Re: [PATCH v8 09/13] [media] vb2: add in-fence support to QBUF

From: Hans Verkuil
Date: Thu Apr 26 2018 - 02:27:24 EST


On 04/25/2018 10:11 PM, Ezequiel Garcia wrote:
> On 14 March 2018 at 12:55, Hans Verkuil <hverkuil@xxxxxxxxx> wrote:
>> On 03/09/2018 09:49 AM, Gustavo Padovan wrote:
>>> From: Gustavo Padovan <gustavo.padovan@xxxxxxxxxxxxx>
>>>
>>> Receive in-fence from userspace and add support for waiting on them
>>> before queueing the buffer to the driver. Buffers can't be queued to the
>>> driver before its fences signal. And a buffer can't be queue to the driver
>>
>> queue -> queued
>>
>>> out of the order they were queued from userspace. That means that even if
>>> it fence signal it must wait all other buffers, ahead of it in the queue,
>>
>> it fence signal -> its fence signals
>> wait all -> wait for all
>>
>>> to signal first.
>>>
>>> If the fence for some buffer fails we do not queue it to the driver,
>>> instead we mark it as error and wait until the previous buffer is done
>>> to notify userspace of the error. We wait here to deliver the buffers back
>>> to userspace in order.
>>>
>>> v9: - rename fence to in_fence in many places
>>> - handle fences signalling with error better (Hans Verkuil)
>>>
>>> v8: - improve comments and docs (Hans Verkuil)

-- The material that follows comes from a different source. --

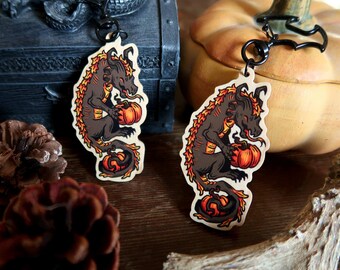 Pumpkin dragon -  Wood Keychain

>>> - fix unlocking of vb->fence_cb_lock on vb2_core_qbuf (Hans Verkuil)
>>> - move in-fences code that was in the out-fences patch here (Alex)
>>>
>>> v8: - improve comments about fences with errors
>>
>> v9? Two v8 entries?
>>
>>>
>>> v7:
>>> - get rid of the fence array stuff for ordering and just use
>>> get_num_buffers_ready() (Hans)
>>> - fix issue of queuing the buffer twice (Hans)
>>> - avoid the dma_fence_wait() in core_qbuf() (Alex)
>>> - merge preparation commit in
>>>
>>> v6:
>>> - With fences always keep the order userspace queues the buffers.
>>> - Protect in_fence manipulation with a lock (Brian Starkey)
>>> - check if fences have the same context before adding a fence array
>>> - Fix last_fence ref unbalance in __set_in_fence() (Brian Starkey)
>>> - Clean up fence if __set_in_fence() fails (Brian Starkey)
>>> - treat -EINVAL from dma_fence_add_callback() (Brian Starkey)
>>>
>>> v5: - use fence_array to keep buffers ordered in vb2 core when
>>> needed (Brian Starkey)
>>> - keep backward compat on the reserved2 field (Brian Starkey)
>>> - protect fence callback removal with lock (Brian Starkey)
>>>
>>> v4:
>>> - Add a comment about dma_fence_add_callback() not returning a
>>> error (Hans)
>>> - Call dma_fence_put(vb->in_fence) if fence signaled (Hans)
>>> - select SYNC_FILE under config VIDEOBUF2_CORE (Hans)
>>> - Move dma_fence_is_signaled() check to __enqueue_in_driver() (Hans)
>>> - Remove list_for_each_entry() in __vb2_core_qbuf() (Hans)
>>> - Remove if (vb->state != VB2_BUF_STATE_QUEUED) from
>>> vb2_start_streaming() (Hans)
>>> - set IN_FENCE flags on __fill_v4l2_buffer (Hans)
>>> - Queue buffers to the driver as soon as they are ready (Hans)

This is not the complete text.